In [None]:
import pandas as pd
import geopandas as gpd
import matplotlib
import matplotlib.pyplot as plt
from sklearn.cluster import DBSCAN
from sklearn.preprocessing import StandardScaler
from shapely.geometry import Point, Polygon, MultiPoint
from shapely.wkt import loads
from sklearn.cluster import KMeans
import numpy as np

Import Data and Organize Columns, and remove bad data

In [None]:
gdf = gpd.read_file("../data/SANGIS/BUSINESS_SITES/BUSINESS_SITES.shp")

In [None]:
gdf = gdf[gdf['POINT_X']!=0]
gdf['x'] = gdf['geometry'].x
gdf['y'] = gdf['geometry'].y

Generate Hexbins
(note - gridsize was manually calculated based on width of SD County to generate roughly 1/4 mile radius hexbins:
SD County is roughly 86 miles east to west, and the grid size takes the quantity of hexbins by width
)

In [None]:
hexes = matplotlib.pyplot.hexbin( x= gdf['x'], y=gdf['y'],mincnt=1,gridsize=86*2)

In [None]:
hexbins = gpd.points_from_xy(x=[i[0] for i in hexes.get_offsets()],y=[i[1] for i in hexes.get_offsets()])[1:]

Merge the data with the newly generated hexbins

In [None]:
left_merge = gpd.GeoDataFrame(hexbins, geometry=0)

In [None]:
full_merge = gpd.sjoin_nearest(left_merge,gdf,how='right')
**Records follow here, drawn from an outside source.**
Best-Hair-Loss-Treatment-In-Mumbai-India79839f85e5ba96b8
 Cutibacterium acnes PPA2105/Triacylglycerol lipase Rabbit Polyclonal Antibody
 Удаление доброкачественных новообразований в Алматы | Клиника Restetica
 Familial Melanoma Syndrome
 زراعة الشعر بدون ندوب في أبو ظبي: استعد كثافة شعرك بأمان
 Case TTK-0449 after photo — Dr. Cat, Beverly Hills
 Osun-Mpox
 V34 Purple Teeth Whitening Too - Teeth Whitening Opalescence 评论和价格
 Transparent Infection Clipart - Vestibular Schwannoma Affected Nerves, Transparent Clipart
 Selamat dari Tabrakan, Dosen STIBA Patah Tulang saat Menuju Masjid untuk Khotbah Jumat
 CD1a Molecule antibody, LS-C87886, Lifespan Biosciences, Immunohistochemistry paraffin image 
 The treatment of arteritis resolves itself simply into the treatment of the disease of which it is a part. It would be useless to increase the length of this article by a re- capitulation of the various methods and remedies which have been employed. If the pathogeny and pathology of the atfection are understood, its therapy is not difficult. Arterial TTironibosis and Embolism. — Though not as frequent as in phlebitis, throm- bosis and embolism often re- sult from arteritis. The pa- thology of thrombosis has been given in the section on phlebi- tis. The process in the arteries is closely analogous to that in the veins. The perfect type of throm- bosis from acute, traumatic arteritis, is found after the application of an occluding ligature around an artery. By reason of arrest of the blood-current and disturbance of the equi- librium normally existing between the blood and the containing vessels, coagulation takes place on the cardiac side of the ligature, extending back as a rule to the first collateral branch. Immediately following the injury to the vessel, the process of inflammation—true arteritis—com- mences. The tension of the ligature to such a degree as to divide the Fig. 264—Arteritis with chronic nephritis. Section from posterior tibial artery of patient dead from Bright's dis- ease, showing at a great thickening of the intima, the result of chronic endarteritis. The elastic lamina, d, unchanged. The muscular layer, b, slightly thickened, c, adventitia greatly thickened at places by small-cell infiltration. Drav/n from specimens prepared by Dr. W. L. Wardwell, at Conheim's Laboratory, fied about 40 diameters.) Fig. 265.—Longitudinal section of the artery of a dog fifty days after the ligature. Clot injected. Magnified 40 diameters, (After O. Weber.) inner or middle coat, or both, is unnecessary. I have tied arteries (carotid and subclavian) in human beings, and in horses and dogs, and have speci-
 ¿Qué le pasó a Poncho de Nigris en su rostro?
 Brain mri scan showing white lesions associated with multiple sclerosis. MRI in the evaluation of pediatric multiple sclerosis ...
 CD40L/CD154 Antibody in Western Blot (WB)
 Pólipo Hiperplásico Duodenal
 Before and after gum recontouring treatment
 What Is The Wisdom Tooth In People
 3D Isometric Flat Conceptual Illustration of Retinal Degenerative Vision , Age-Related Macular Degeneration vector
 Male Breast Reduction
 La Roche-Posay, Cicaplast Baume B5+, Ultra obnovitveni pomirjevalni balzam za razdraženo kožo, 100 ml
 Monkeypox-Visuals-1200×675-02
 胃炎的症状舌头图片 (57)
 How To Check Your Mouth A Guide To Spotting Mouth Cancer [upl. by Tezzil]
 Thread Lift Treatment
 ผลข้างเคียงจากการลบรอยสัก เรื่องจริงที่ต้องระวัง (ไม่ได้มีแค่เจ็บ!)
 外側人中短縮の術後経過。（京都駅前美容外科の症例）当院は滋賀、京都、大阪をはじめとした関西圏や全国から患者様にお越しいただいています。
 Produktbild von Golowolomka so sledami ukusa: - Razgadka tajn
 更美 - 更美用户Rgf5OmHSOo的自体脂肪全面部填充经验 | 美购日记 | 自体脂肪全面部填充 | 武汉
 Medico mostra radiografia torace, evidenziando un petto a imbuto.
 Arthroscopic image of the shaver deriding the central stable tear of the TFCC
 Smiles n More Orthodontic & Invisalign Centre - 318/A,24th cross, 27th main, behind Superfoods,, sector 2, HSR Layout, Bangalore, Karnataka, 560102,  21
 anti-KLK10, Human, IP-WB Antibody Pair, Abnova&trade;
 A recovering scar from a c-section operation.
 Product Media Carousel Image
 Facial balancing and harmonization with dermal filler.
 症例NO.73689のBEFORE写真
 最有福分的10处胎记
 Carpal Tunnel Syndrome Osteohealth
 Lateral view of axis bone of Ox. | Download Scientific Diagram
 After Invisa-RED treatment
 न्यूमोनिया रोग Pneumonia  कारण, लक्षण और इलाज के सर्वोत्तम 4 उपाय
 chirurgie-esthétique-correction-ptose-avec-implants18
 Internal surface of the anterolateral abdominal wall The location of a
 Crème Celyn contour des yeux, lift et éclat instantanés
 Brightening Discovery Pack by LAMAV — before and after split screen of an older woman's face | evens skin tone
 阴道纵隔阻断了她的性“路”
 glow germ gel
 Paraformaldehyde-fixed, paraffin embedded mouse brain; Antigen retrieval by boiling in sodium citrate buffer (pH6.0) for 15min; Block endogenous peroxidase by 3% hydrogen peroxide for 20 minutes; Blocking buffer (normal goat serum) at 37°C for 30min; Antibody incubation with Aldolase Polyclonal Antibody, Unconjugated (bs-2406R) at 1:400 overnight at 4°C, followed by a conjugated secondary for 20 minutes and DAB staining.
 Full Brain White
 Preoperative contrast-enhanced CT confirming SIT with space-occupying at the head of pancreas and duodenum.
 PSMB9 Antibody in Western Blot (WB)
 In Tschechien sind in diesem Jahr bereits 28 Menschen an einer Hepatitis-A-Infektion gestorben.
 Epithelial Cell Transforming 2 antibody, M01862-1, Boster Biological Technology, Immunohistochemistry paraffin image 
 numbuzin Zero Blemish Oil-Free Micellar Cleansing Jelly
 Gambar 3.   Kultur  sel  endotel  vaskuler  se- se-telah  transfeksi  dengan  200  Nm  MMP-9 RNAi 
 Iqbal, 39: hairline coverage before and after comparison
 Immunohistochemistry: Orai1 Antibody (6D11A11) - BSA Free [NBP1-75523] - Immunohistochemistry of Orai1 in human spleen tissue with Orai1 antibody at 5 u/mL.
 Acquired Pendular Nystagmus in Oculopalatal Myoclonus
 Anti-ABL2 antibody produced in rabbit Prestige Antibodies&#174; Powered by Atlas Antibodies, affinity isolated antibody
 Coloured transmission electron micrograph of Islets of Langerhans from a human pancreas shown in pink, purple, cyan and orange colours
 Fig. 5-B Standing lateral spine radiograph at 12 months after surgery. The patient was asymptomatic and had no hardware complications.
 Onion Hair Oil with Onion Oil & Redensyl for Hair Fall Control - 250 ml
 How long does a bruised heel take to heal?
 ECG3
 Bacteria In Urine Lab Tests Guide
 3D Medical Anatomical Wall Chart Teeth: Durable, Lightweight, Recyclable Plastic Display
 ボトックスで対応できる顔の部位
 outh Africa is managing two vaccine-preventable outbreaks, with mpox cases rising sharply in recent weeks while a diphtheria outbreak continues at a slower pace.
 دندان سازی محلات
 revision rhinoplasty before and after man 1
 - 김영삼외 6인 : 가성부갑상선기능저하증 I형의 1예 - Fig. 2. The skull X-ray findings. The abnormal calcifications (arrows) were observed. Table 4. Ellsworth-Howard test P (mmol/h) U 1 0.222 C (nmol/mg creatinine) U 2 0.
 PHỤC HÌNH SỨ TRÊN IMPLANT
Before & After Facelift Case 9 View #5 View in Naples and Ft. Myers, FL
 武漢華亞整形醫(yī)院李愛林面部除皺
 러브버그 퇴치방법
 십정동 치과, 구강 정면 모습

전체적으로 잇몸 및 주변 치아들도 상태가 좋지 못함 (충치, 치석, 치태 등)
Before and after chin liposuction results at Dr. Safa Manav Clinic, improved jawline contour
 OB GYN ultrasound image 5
Count the # of datapoints in each hexbin

In [None]:
index_and_counts = full_merge.groupby('index_left').count().sort_values(by='x').reset_index()[['index_left','APN',]]

In [None]:
def get_x(index):
    return hexbins[index].x
def get_y(index):
    return hexbins[index].y

In [None]:
index_and_counts['x'] = index_and_counts['index_left'].apply(get_x)
index_and_counts['y'] = index_and_counts['index_left'].apply(get_y)
index_and_counts['geometry'] = gpd.points_from_xy(index_and_counts['x'], index_and_counts['y'])

In [None]:
df = gpd.GeoDataFrame(index_and_counts)

In [None]:
df.plot(column='APN', markersize=2)

Clustering techniques - use maxima as cluster centers and run kmeans for distance

In [None]:
# idea 1 - could we use 70 biggest maxima as centers?
df['is_center'] = df['APN']>=df['APN'].sort_values(ascending=False).reset_index(drop=True)[70]
df.plot(column='is_center')

In [None]:
# clustering based off local maxima centers using kmeans
cluster_centers = df[df['is_center']==True][['x', 'y']].values
other_points = df[['x', 'y']].values
k = len(cluster_centers)
kmeans = KMeans(n_clusters=k, init=cluster_centers, n_init=1)
kmeans.fit(other_points)
df['cluster'] = kmeans.labels_

In [None]:
# TODO: have at least 5 hexbins per cluster?/count of businesses per cluster?
df.plot(column='cluster', legend=True, markersize=2)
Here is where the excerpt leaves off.